ORDER BY with 2ndary indexes is not supported.

I get that to use ORDER BY, the partition key must be featured in the where clause, hence my original thought to use hashtag.

Am I overthinking things or is there a better candidate for the partition key?

Solution

The direction you go would depend on what volume of writes you expect and how big your cluster is.

If you have a small user community and a small cluster, then you might be overthinking things. A partition can theoretically hold up to 2 billion rows. That's a big number, and would anyone actually want to view more than a few thousand of the most recent tweets for a hashtag? So you'd probably have some kind of cleanup mechanism such as using TTL to delete tweets after some amount of time, which will free up space in the partition, keeping you well below the 2 billion row limit.

If you don't want to cleanup up old tweets, but want to preserve them for many years, then you might want to use a compound partition key like this:

primary key ((hashtag, year), created)

This would partition the tweets by the tag and the year, so you could store up to 2 billion tweets per tag per year.

The nice thing about partitioning by hashtag is that Cassandra can keep the tweets for a tag sorted by the creation timestamp, making it easy to retrieve the most recent ones with a single query as you've shown.

But if your user community is big, then the issue that is of a bigger concern is avoiding hot spots. If you use just hashtag and a time bin like year for a partition key, then all reads and writes will be to the small number of replicas for that hashtag. If a hashtag is very active on a given day, then you've got all your reads and writes going to just a node or two depending on what replication factor you are using.

If you want to spread out the read and write load, you need to increase the cardinality of a hashtag so that it will map to multiple nodes. Using id as the partition key would achieve this, but that would be going too far since then every tweet would be in a separate partition and you'd get no sorting or easy way to retrieve the most recent tweets for a hashtag.

So a better approach is to create separate bins or buckets, like this:

primary key ((hashtag, bin), created)

The number of bins you create depends on your write load.

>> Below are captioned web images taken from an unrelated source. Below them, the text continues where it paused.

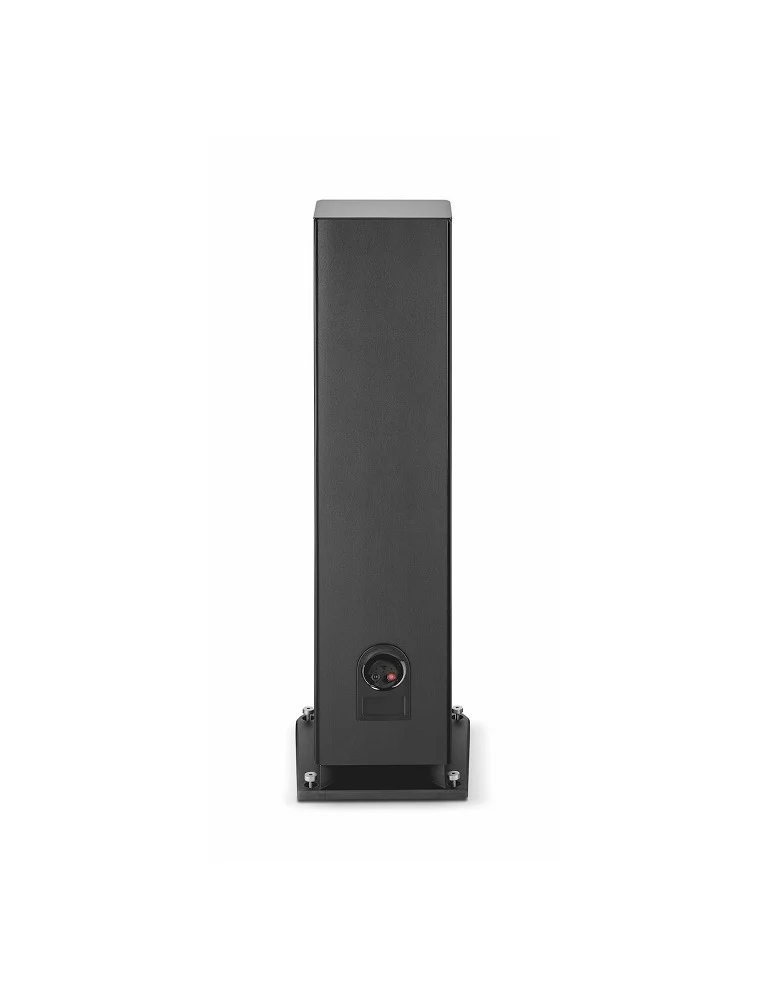 FOCAL ARIA EVO X N4 diffusori da pavimento con 2 woofer da 8" (21cm) da 350W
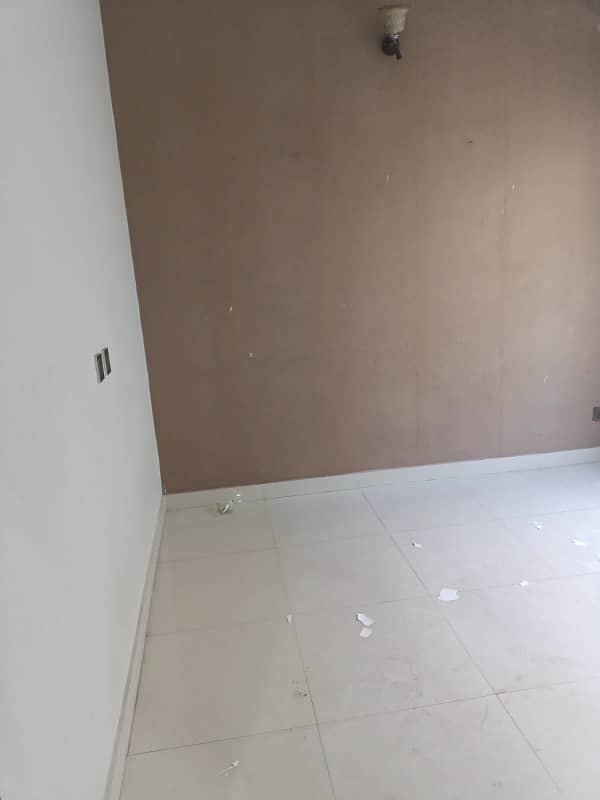 4 marla house for sale in paragon city lahore 20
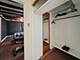 785 St Andrews, Crete, IL 60417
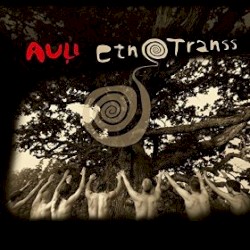 Etnotranss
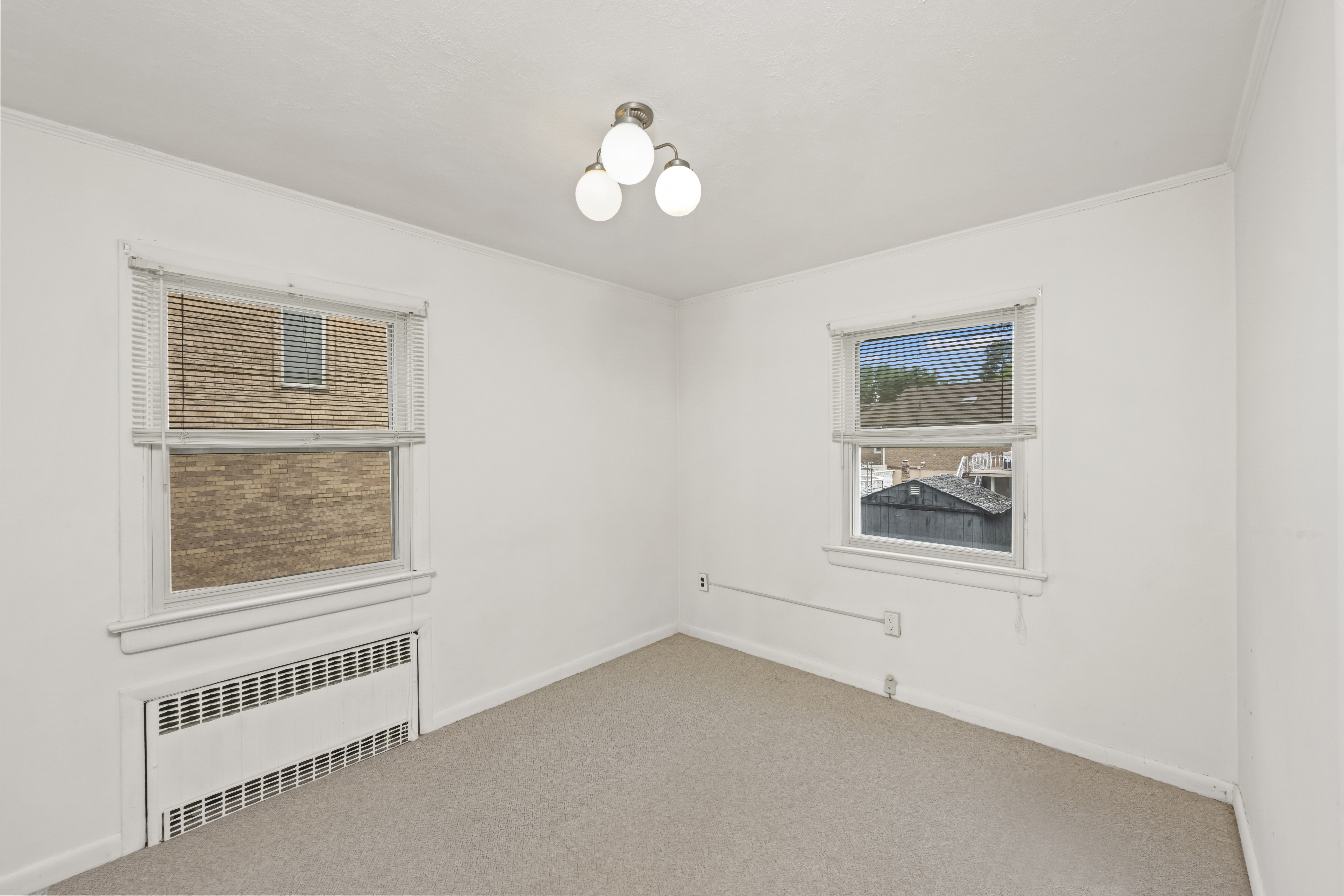 223 Darlington Avenue Staten Island, NY 10312 - Photo 11 of 36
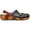 Gryffindor, variant on Adult Harry Potter Gryffindor Classic Clogs, Multi, W8/M6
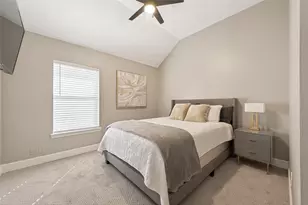 10834 White Oak Trace Ct, Cypress, TX 77429 - Photo 31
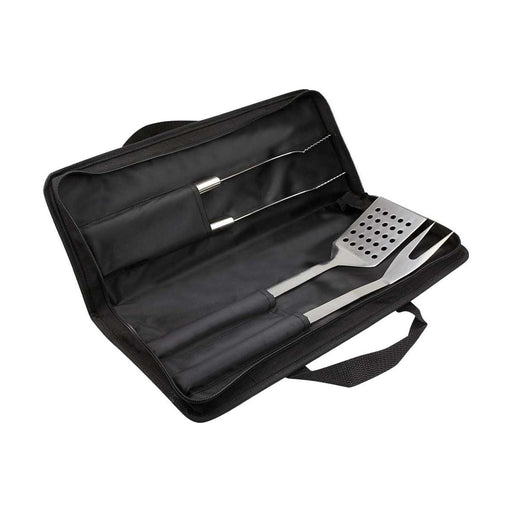 jpg_1500x1500_67344358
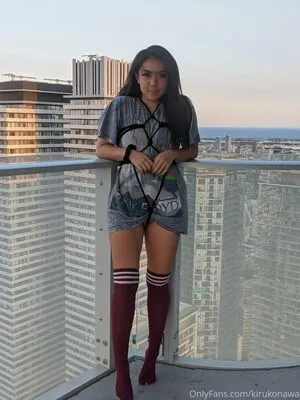 lost_here OnlyFans Leaked Free Thumbnail Picture - #gKGirpd65J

Let's say you decide that ten nodes can handle the write load for a hot hashtag, then bin would be a value from 0 to 9.

There are a number of ways to set the bin number. You could do a modulo of id by 10, or pick a random number between 0 and 9, or generate a hash value from some combination of fields and take modulo 10 of the results. Whatever method you choose, make sure the numbers from 0 to 9 are equally likely so that your data is spread equally across the bin partitions.

With multiple bins, it is not as easy to retrieve the x most recent tweets for a hashtag since you need to query all the bins and merge the results. You can asynchronously issue a query for each bin of a hashtag in parallel and then merge the results on the client side. Or you can do a single query using the IN clause like this:

select * from posts where hashtag = 'demo' and bin IN (0,1,2,3,4,5,6,7,8,9) AND created > ...

But Cassandra won't sort the results of the single query, so you'd have to do a sort on the client side, which is slower than doing a merge of separate ordered queries.

Now in many cases there will be hashtags that have very little volume, so you might not want to bother using ten bins for them unless they get hot. If so you can make it dynamic in your application, typically using just bin 0, but then increasing the number of bins when a tag is found to be popular. You could use a static column in bin 0 to keep track of the number of active bins for a hashtag.

You should avoid using secondary indexes. They are very inefficient in Cassandra.